As Mercy is drawn into a deadly cat-and-mouse game with this malignant spirit, she begins to realise that the monster she fights within these walls may well be one of her own making.

My Review

Thanks to the author for my ARC of this book. I’m not sure how I got a copy, Sunyi Dean must have put something on social media, and I’ve got an email from her, so I assume we connected that way. Anyway, late last year I got a package from Sunyi with the book, a letter and a fu talisman for my front door.

This book is due out 7th May-ish, so I spent my Saturday reading. I actually planned to go for a walk to the shop yesterday afternoon but that would have meant stopping reading and I really couldn’t do that, so I ordered a Morrisons delivery for this morning and carried on reading until almost midnight, because I needed to know how Kwun Yam was going to resolve the problems between Chen Mei Chi/Mercy Chan and Sung Siu Yin.

The book is in four parts jumping between the 1920s, 1940s, and 1970s, and from three perspectives, Mercy Chan, Sung Siu Yin, and Kwum Yam, who narrates half the story while the other half is told in close third person from Mercy and the Siu Yin’s perspectives. It’s a really clever way of exploring the lives of the two main characters and how they got where they are.

In 1975 Mercy is a ghost talker in Kowloon, an old, dilapidated district of Hong Kong, a city that has sprouted shiny towers and wide roads after surviving the destruction of the Japanese invasion. Kowloon on the other hand is a slum in the grips of the triads and ghosts. Mercy, originally Chen Mei Chi, doesn’t remember her history or how she’s able to talk to ghosts, but she can, and accompanied by her ghost cat, Bao, she helps ghosts deal with their trauma and move on. She lives well, a comparatively wealthy life working for Cobra Lily, queen of the snakeskin triad.

In 1942, she arrived in Hong Kong with no memory and no money, and hid in Kowloon from the rampaging Japanese. Her Hakka origins and ability to go out at night make her useful to the resistance as a night time message runner. No one else will go out at night, because the ghosts are angry and they are hunting. There are a lot of ghosts in Kowloon – refugees from the city chased out by Japanese exorcist, refugees from the countryside and the victims of massacres. Angry ghosts are dangerous, but they listen to Mei Chi and if they don’t Bao eats them.

In the early 1920s a little girl, her sister, and their grandmother are chased from their village on a remote island by frightened villagers who believe the girl is bad luck. The escape and pray to the Lady of Compassion, Kwun Yan. The temple is hidden in a sea cave below their feet, and when the ground crumbles under them, the girl and her grandmother fall in. The sister runs for help, and the same men who chased them from the village eventually turn up. They condemn her to a slow death by drowning. A storm comes and kills everyone except the sister, who goes to Hong Kong. The sister grows up, marries, has a daughter of her own.

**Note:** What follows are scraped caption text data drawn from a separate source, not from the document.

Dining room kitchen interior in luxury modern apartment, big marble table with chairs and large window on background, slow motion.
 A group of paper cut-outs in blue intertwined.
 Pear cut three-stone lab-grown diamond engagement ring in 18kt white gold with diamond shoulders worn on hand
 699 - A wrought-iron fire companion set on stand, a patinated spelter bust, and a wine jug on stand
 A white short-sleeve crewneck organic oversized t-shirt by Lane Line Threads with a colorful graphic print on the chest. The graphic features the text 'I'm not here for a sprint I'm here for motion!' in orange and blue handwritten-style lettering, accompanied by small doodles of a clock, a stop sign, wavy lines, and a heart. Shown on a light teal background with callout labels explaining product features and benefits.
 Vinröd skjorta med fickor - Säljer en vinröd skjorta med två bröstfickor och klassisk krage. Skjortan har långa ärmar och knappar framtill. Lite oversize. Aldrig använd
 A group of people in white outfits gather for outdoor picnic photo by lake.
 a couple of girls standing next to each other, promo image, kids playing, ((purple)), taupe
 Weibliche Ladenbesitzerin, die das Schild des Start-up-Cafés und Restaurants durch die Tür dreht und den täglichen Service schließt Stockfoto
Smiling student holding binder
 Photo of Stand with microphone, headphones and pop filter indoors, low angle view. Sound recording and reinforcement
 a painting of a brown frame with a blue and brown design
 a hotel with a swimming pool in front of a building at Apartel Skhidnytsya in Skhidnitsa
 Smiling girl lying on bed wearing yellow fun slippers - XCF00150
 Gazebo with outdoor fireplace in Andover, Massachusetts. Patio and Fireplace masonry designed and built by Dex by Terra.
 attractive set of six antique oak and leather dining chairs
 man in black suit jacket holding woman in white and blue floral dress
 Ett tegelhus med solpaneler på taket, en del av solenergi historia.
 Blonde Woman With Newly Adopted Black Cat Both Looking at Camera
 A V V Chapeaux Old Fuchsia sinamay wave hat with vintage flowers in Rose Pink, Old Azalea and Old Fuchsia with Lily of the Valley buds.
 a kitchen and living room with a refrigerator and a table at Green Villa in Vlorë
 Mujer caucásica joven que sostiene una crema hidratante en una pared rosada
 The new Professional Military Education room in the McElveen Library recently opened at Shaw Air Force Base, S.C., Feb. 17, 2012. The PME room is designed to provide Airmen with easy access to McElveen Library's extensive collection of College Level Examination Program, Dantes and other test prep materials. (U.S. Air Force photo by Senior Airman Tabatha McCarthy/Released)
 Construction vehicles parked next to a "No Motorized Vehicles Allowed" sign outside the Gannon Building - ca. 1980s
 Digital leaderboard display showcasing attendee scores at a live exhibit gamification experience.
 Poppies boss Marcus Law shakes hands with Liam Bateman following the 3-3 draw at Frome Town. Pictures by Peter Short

In 1942 the sister and her daughter, running from the Japanese invasion return to the island, and the ghosts are waiting for them. A few months later, both leave again, but to different fates.

And that is all I’m telling you about the story, because I don’t want to spoil it too much.

I really enjoyed this novel; as I said earlier, I spent a day reading it and couldn’t put it down. The characters are fascinating and the worldbuilding, drawing on real history and beliefs, is marvellous. The Chinese experience of WWII is often forgotten, but this book brings to life the times and places it covers, and draws on some of Sunyi Dean’s grandmother’s own experiences as a young woman who left her rural Shanghai community to live in Hong Kong between the world wars. She survived WWII in Hong Kong, which is very impressive. The depictions of life under Japanese military rule are graphic and powerful.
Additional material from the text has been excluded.